According to the Jewish community, other names on the police list include Sir Michael Kadoorie, “a British-Portuguese citizen whose family built the Kadoorie Mekor Haim Synagogue in Porto, [and] has a clear and significant family connection to Portugal,” according to a source in the community.

Another name being investigated is Jewish philanthropist Andrei Rappoport, born in Ukraine, who has Cypriot citizenship. “Rappoport received Portuguese citizenship in 2016, after it was proven that he and his family have roots in the city of Porto and the Portuguese authorities themselves have access to documentation related to his family,” said a source in the community.

Also on the list are the names of businessman Lev Leviev, an Israel citizen whose Judaism and Sephardi origins were approved by the Chief Rabbinate of Russia; and God Nisanov, born in Azerbaijan, who is former president of the World Jewish Congress.

Nisanov is a Jewish philanthropist and founder of the Cheder Menahem Jewish school in Moscow. Nisanov was authorized by the Porto Jewish Community in 2020 after being originally approved by the Chief Rabbinate of Russia.

“All the names mentioned, with the exception of Mr. Kadoorie, paid a fee of €250 legally, as is charged to anyone applying for Portuguese citizenship,” said the community spokesperson. “The community decided not to charge Mr. Kadoorie and offered him the certificate as a token of appreciation for his family’s contribution to the Jewish Community of Porto.”

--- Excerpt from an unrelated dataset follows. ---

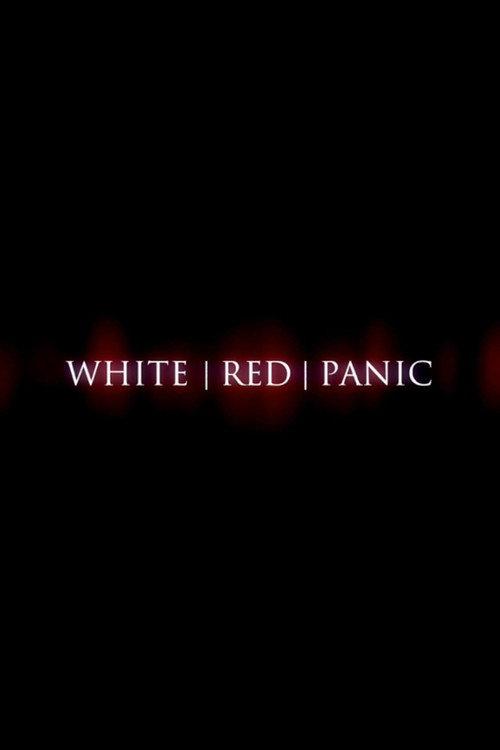 White Red Panic 2008 official movie poster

Probably the first person on the list of Portugal authorities is Russian billionaire Roman Abramovich, who received citizenship in 2021 and based on the 2015 law that offers naturalization to descendants of Sephardi Jews who were expelled from the Iberian peninsula during the Inquisition.

“The state is sovereign to decide who to grant citizenship to and who not, but it’s just painful to see state representatives retreat hundreds of years, pursue powerful people in Portugal just because of their Jewishness, try to destroy the leaders of our community, and turn their arrows of hatred against the richest people in Portugal, who applied for citizenship lawfully and now find themselves persecuted though innocent of any crime,” said Senderowicz.

Media outlets in Portugal have quoted a source in the Judiciary Police and affirmed that searches were carried out on Thursday as part of the “process that investigates alleged illegalities by the Jewish community of Porto, of certificates of Portuguese nationality to Sephardi Jews.”